Bilder entstehen durch detaillierte Beschreibungen von Farben, Formen, Geräuschen oder anderen sinnlichen Erfahrungen. Sie erzeugen lebhafte und sehr sinnliche Vorstellungen in uns. Oft können wir sie regelrecht sehen, hören, fühlen, riechen oder schmecken.

 

Metaphern und Bilder sind wesentliche Elemente unserer Kommunikation und beeinflussen, wie wir mit anderen interagieren und wie wir die Welt verstehen. Sie drücken sich in Sprache, aber auch im Denken und Handeln aus.

Metaphern und Bilder in Beratung und Psychotherapie

Metaphern und Bilder wurden schon immer in Psychotherapie und Beratung genutzt um Heilungs- und Entwicklungsprozesse zu unterstützen. Die Wurzeln für diese Methode können nicht einer psychologischen Richtung zugeordnet werden, sondern lassen sich in den Ansätzen verschiedener Schulen finden.

Einige wichtige psychologische Richtungen, in denen Metaphern und Bilder von Bedeutung sind:

  1. Psychoanalyse: Um komplexe psychologische Theorien zu veranschaulichen und die Bedeutung von Träumen zu interpretieren, bediente sich Sigmund Freud der Metaphern. Carl Jung, ein Schüler Freuds, erweiterte dieses Konzept. Für ihn stand vor allem die Bedeutung von Symbolen und Archetypen, die tief im kollektiven Unbewussten verankert sind, im Fokus.
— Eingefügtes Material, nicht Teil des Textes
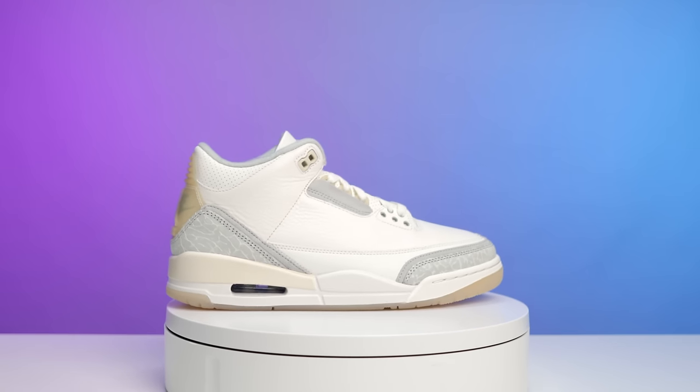People have been slowly hyping this shoe up more and more, but the question is will they care about them when they actually release? Today we're going to be taking an in-depth look at the Craft Air Jordan 3s. This is the first time we've seen the Air Jordan 3 in the Craft series, so I'm excited to show you guys all the details. My name is DJ and this is the DNA Show.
  2. Humanistische Psychologie: Carl Rogers nutzte Metaphern, um das menschliche Erleben und die Selbstaktualisierung (das ist der Prozess, durch den eine Person ihr volles Potenzial ausschöpft und verwirklicht) zu beschreiben.

  3. Gestalttherapie: Fritz Perls verwendete u.a. Metaphern, um Klient:innen zu helfen, Einsicht in ihre Gefühle und Verhaltensweisen zu gewinnen.

  4. Kognitive Verhaltenstherapie (KVT): Metaphern und Bilder werden genutzt, um dysfunktionale Denkmuster (meist negative, unangemessene und oft falsche Gedanken) aufzudecken und zu verändern und Ressourcen zu aktivieren.

  5. Narrative Therapie: Michael White und David Epston nutzten Metaphern als Werkzeuge, um Klient:innen zu helfen, ihre Identität und Erfahrungen umzudeuten.

  6. Lösungsorientierte Kurztherapie: Steve de Shazer und Insoo Kim Berg erkannten Metaphern als Mittel, um Veränderungen zu erleichtern und Lösungen zu finden.

  7. Achtsamkeitsbasierte kognitive Therapie (ACT): Metaphern und Bilder werden genutzt, um eine beobachtende Haltung einzunehmen. So können Gedanken, Gefühle und inneren Erlebnisse veranschaulicht und betrachtet werden. Oft gelingt es dadurch besser, eine Akzeptanz zu entwickeln, automatische Reaktionen und Bewertungen zu erkennen und nicht in ihnen verhaftet zu bleiben.

Metaphern und Bilder werden in Psychotherapie und Beratung vielseitig, kreativ und wirksam angewendet. Studien legen nahe, dass die Arbeit mit Metaphern zu besseren Behandlungsergebnissen betragen können. Dies legen unter anderem Lakoff oder Törnecke dar. Witzum, Hart und Fridman beschreiben, dass sich das Einsetzen von geleiteten metaphorischen Bildern, Geschichtenerzählen und metaphorischen Aufgaben wirksam in der Behandlung von traumatischen und hochgradig angstauslösenden Problemen erweisen. Auch in der Hirnforschung findet die Wirksamkeit von Metaphern und Bildern starke Unterstützung.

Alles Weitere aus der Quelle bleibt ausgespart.